Specifically set in the Marvel Cinematic Universe, "Marvel's Guardians of the Galaxy Prelude" #1 has the same spirit as the volume of "Guardians of the Galaxy" that inspired the film's cast of characters, in no small part due to the contributions of Dan Abnett and Andy Lanning.

This two-issue series is the forerunner to the cinematic version of the Guardians, less about the team to be featured in "Marvel's Guardians of the Galaxy" film than it is about the galaxy that team inhabits. The Infinite Comic released earlier in the week adds depth to the story here, but Abnett and Lanning provide more than enough for readers to sink their teeth in to with the painful origin of Nebula. Much of "Marvel's Guardians of the Galaxy Prelude" #1 is set in flashback and, in doing so, brings up Nebula's shared past with Gamora under the tutelage of Thanos. Abnett and Lanning take the readers into Nebula's mind and help define her drive, in the process explaining her relationship with Gamora quite thoroughly. In doing this the duo provides readers with a smart balance of character and action.

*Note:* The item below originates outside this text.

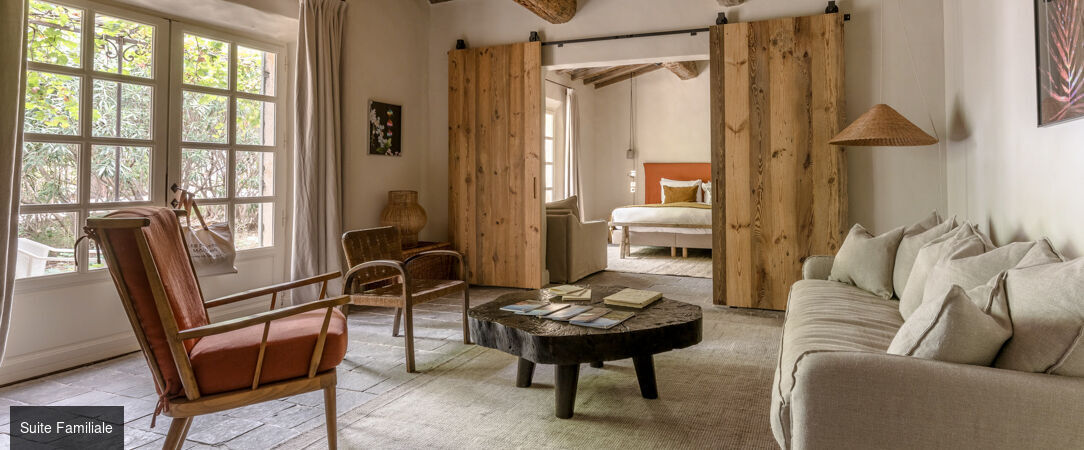 Les Petites Maisons - Hameau des Baux ★★★★ - Traditional village life in a supremely beautiful Provencal setting. - Les Alpilles, France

"Marvel's Guardians of the Galaxy Prelude" #1 is very well drawn, showcasing Wellington Alves' ability to craft worlds and create distinguishable characters. The opening panel of the book fills the top half of the first page with a meticulously crafted utterly gorgeous close-up image of Nebula's face through the blast shield of a helmet, with heads-up readouts lighting the faceplate and stars reflecting on the other side. That composition makes me think that maybe this story was intended to be a digital-first release (or maybe it already was and I somehow missed it) as it would have completely filled the screen with a jaw-dropping introduction to a character designed to give Gamora a run for her money in a "toughest being competition." Alves' work throughout the issue is solid and well-crafted, short on money shots but deep on storytelling. Jay David Ramos' colors trend toward the pastels a bit more than I prefer in my superhero comics, but this is as much a sci-fi adventure as it is a superhero comic. Clayton Cowles' letters are the icing on this interstellar visual cake, giving Nebula's thoughts and memories emotional charge beyond the story and the art.

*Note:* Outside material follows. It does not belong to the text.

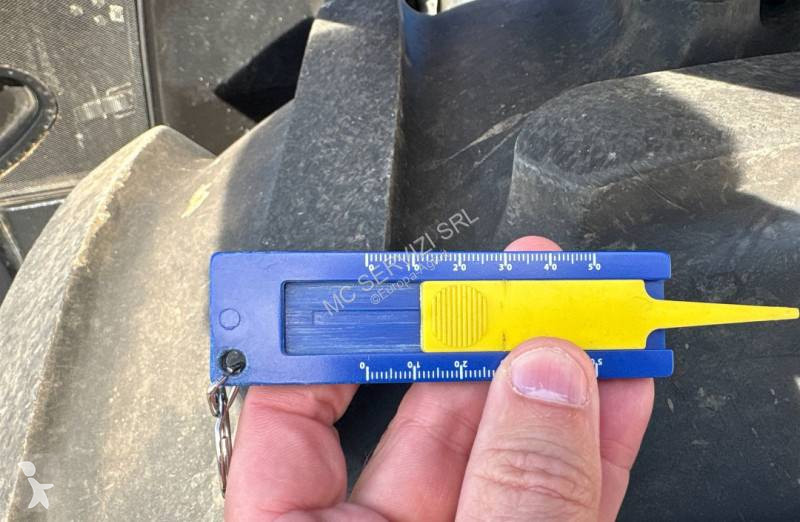 New Holland T7.270 tractor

Given that "Marvel's Guardians of the Galaxy" is being compared to "Star Wars," I hope that is a harbinger of good things to come. As Marvel did between "Star Wars" films back in the 1970s and 1980s, I can only hope they choose to provide readers with comics that continue to expand the Guardians of the Galaxy's universe. So long as Abnett and Lanning are on tap, more, please.